Instructions for the task
Once the line with "实战测评｜闪凌2薄底快靴的最佳新秀！" is found in the entries below, print it and each following line exactly, stopping after the line with "WA1EVBF18SD012678 2025 AUDI"; print nothing else.

Data to process
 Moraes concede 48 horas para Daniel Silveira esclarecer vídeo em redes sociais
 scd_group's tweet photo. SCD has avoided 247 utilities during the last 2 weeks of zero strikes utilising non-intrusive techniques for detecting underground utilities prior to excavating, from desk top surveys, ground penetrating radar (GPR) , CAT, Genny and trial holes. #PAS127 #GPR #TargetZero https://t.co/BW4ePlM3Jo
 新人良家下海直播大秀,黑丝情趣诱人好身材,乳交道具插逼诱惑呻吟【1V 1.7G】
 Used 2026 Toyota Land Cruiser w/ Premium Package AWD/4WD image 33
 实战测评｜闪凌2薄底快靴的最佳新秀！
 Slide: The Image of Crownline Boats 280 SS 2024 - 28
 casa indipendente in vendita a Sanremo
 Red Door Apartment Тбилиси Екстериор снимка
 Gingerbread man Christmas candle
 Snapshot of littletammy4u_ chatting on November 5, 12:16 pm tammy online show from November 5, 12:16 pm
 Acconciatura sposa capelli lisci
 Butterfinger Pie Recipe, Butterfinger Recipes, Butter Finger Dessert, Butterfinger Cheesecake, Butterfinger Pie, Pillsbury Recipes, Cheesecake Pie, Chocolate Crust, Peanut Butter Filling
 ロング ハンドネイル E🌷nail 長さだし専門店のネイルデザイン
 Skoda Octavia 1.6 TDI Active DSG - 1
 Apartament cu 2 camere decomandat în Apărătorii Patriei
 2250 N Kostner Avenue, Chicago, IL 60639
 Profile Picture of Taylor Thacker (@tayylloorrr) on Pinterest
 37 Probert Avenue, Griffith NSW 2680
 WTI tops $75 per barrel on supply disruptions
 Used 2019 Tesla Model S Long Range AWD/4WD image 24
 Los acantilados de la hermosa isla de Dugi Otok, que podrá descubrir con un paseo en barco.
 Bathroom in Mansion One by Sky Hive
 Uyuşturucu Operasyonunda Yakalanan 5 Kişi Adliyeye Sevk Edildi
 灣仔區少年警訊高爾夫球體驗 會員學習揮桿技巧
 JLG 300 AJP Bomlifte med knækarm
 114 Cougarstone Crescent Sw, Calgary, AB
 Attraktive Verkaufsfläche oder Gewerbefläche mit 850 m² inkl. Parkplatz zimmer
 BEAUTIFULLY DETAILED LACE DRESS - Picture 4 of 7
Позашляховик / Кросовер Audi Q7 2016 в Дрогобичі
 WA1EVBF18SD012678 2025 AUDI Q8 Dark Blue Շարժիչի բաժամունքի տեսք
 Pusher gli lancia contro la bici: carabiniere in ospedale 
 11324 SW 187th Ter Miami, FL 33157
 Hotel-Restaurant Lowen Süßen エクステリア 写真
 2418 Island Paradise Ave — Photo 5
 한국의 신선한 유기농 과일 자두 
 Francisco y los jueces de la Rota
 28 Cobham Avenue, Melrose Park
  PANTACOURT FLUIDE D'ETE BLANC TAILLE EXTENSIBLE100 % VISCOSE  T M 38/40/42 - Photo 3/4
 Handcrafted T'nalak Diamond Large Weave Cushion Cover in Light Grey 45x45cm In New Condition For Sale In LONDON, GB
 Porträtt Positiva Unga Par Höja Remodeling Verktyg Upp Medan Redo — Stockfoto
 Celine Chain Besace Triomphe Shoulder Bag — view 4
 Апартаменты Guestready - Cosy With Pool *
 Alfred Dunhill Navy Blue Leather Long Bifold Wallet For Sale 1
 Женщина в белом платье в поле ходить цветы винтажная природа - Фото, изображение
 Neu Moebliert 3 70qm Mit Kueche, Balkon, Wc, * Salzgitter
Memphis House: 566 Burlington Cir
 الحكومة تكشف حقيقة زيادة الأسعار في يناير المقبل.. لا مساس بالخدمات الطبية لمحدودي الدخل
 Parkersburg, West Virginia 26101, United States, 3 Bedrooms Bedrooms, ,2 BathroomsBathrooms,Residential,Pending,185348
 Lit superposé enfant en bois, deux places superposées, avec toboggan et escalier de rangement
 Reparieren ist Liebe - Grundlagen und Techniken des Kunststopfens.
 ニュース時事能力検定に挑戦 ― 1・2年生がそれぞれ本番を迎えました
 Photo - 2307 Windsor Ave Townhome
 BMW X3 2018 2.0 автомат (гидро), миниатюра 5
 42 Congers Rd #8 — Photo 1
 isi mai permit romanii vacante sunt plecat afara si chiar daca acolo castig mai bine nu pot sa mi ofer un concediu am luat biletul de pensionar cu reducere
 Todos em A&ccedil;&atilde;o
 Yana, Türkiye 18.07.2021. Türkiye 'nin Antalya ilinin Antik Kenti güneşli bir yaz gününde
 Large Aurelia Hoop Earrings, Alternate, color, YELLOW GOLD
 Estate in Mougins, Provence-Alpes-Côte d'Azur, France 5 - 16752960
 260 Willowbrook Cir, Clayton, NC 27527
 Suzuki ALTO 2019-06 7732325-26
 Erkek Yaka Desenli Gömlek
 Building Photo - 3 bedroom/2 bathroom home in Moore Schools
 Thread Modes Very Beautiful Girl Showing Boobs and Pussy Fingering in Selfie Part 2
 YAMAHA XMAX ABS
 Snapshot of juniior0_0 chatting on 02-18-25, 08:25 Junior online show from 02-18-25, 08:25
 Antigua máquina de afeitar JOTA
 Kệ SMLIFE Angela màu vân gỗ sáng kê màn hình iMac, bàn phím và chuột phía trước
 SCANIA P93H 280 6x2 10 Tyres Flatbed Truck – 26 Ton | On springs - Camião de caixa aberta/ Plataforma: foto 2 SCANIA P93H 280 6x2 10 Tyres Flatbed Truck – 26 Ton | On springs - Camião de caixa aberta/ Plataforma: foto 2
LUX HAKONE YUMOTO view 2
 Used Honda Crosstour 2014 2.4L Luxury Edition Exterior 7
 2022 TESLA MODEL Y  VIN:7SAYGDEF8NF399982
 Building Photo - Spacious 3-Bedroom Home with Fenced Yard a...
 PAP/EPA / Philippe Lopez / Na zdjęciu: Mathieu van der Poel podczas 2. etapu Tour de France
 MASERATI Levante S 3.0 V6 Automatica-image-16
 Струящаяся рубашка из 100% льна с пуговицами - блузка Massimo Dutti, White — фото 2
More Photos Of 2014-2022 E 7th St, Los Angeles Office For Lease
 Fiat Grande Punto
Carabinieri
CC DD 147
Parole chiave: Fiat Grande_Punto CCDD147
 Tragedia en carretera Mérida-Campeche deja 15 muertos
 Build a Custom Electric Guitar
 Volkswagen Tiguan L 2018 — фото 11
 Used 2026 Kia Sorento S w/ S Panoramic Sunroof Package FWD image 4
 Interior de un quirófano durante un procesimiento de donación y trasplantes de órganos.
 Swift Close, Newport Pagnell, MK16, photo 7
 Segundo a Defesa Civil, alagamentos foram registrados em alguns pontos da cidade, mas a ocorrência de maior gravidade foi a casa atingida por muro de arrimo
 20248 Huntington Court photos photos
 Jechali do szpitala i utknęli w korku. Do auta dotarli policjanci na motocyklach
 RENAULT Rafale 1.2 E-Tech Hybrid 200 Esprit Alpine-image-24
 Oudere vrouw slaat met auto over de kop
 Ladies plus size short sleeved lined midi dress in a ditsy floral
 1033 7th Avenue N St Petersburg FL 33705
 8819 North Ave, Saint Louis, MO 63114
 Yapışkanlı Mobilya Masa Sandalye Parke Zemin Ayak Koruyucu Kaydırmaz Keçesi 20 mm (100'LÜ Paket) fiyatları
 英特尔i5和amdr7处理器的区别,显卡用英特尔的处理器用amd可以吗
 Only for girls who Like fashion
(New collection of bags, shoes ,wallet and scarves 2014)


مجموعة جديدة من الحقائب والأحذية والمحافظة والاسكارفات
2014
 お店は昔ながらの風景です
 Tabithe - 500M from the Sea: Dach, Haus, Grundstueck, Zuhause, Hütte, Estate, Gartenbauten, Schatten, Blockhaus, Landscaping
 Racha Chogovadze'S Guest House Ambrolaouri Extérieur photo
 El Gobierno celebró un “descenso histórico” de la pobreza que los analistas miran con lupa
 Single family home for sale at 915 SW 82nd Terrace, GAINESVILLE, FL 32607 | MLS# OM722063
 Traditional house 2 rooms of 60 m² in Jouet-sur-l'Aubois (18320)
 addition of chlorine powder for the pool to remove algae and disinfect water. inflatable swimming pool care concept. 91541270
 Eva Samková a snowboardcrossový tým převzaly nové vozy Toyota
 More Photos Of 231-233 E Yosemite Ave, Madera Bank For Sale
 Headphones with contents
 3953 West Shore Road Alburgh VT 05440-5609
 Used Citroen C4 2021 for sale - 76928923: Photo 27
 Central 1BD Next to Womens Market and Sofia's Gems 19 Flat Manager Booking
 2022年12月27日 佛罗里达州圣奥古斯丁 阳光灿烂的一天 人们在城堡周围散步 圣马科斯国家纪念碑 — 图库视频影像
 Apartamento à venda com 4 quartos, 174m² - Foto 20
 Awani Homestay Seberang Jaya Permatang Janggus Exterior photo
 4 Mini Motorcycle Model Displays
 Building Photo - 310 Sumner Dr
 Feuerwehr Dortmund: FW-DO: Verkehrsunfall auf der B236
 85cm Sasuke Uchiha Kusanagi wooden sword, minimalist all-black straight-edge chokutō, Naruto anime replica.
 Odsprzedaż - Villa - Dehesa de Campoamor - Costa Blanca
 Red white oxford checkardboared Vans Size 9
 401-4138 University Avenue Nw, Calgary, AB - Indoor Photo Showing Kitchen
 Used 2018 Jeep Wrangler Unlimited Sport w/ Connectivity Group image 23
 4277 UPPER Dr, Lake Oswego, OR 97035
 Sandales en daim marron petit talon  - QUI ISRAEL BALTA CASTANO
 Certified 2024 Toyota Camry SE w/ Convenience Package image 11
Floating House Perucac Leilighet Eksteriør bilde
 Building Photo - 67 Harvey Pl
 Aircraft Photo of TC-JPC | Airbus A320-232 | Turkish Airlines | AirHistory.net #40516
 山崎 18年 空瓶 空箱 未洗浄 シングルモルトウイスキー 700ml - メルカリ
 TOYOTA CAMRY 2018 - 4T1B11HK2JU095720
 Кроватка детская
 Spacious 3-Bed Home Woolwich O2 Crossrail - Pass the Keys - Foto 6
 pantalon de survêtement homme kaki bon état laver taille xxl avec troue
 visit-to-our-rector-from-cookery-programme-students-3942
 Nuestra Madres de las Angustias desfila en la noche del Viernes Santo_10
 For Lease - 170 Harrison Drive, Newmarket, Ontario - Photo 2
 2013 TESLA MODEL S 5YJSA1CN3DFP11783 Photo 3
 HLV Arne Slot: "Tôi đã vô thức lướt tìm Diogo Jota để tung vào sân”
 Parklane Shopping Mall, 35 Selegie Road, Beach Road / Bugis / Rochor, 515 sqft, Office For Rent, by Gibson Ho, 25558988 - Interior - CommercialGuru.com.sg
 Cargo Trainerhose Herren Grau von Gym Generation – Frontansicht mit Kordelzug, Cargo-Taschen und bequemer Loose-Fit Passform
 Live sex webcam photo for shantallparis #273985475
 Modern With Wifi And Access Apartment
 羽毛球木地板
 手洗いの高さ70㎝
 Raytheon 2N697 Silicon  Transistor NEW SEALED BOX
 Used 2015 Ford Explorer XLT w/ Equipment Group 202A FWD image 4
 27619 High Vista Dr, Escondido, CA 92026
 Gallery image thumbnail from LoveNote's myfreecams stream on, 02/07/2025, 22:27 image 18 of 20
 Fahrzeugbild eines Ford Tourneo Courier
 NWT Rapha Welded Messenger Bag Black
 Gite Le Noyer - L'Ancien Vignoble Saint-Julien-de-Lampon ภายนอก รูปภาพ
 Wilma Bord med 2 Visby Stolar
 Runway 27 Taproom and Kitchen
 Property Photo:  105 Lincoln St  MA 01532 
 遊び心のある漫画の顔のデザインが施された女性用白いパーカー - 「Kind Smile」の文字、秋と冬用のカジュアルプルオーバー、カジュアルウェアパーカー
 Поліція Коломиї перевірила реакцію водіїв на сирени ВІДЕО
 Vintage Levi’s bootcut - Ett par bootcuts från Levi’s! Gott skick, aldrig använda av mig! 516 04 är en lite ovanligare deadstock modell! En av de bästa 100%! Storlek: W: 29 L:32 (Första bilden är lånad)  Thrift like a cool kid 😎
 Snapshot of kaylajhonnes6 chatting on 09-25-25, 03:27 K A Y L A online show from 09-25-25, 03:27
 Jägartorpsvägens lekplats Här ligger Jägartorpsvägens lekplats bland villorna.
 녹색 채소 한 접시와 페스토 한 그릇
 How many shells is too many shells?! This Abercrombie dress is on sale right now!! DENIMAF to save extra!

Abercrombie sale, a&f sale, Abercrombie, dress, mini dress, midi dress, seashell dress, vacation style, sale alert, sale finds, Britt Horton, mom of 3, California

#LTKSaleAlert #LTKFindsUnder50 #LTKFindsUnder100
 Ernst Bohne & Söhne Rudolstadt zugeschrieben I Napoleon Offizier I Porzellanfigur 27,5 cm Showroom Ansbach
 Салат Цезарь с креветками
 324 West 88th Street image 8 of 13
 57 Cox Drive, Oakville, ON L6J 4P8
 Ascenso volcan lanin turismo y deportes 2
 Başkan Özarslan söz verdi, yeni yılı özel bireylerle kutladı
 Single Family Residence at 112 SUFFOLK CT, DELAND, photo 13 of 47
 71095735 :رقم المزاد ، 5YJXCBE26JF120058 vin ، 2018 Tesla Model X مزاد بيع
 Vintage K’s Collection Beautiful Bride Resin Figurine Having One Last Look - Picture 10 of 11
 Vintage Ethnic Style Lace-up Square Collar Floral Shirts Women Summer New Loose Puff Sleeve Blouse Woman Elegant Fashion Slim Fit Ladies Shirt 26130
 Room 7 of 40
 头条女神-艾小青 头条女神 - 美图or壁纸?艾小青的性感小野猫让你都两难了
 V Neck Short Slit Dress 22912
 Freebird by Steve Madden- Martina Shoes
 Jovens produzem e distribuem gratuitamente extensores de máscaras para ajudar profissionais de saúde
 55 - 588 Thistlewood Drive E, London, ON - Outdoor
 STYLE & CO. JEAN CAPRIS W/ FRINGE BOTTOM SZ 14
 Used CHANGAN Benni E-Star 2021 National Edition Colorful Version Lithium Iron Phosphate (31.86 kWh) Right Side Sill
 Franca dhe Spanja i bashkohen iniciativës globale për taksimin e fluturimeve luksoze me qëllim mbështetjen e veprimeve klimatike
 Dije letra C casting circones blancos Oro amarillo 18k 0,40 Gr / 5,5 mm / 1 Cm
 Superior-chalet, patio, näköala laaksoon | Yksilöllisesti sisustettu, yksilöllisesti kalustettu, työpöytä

Exercise solution
 实战测评｜闪凌2薄底快靴的最佳新秀！
 Slide: The Image of Crownline Boats 280 SS 2024 - 28
 casa indipendente in vendita a Sanremo
 Red Door Apartment Тбилиси Екстериор снимка
 Gingerbread man Christmas candle
 Snapshot of littletammy4u_ chatting on November 5, 12:16 pm tammy online show from November 5, 12:16 pm
 Acconciatura sposa capelli lisci
 Butterfinger Pie Recipe, Butterfinger Recipes, Butter Finger Dessert, Butterfinger Cheesecake, Butterfinger Pie, Pillsbury Recipes, Cheesecake Pie, Chocolate Crust, Peanut Butter Filling
 ロング ハンドネイル E🌷nail 長さだし専門店のネイルデザイン
 Skoda Octavia 1.6 TDI Active DSG - 1
 Apartament cu 2 camere decomandat în Apărătorii Patriei
 2250 N Kostner Avenue, Chicago, IL 60639
 Profile Picture of Taylor Thacker (@tayylloorrr) on Pinterest
 37 Probert Avenue, Griffith NSW 2680
 WTI tops $75 per barrel on supply disruptions
 Used 2019 Tesla Model S Long Range AWD/4WD image 24
 Los acantilados de la hermosa isla de Dugi Otok, que podrá descubrir con un paseo en barco.
 Bathroom in Mansion One by Sky Hive
 Uyuşturucu Operasyonunda Yakalanan 5 Kişi Adliyeye Sevk Edildi
 灣仔區少年警訊高爾夫球體驗 會員學習揮桿技巧
 JLG 300 AJP Bomlifte med knækarm
 114 Cougarstone Crescent Sw, Calgary, AB
 Attraktive Verkaufsfläche oder Gewerbefläche mit 850 m² inkl. Parkplatz zimmer
 BEAUTIFULLY DETAILED LACE DRESS - Picture 4 of 7
Позашляховик / Кросовер Audi Q7 2016 в Дрогобичі
 WA1EVBF18SD012678 2025 AUDI Q8 Dark Blue Շարժիչի բաժամունքի տեսք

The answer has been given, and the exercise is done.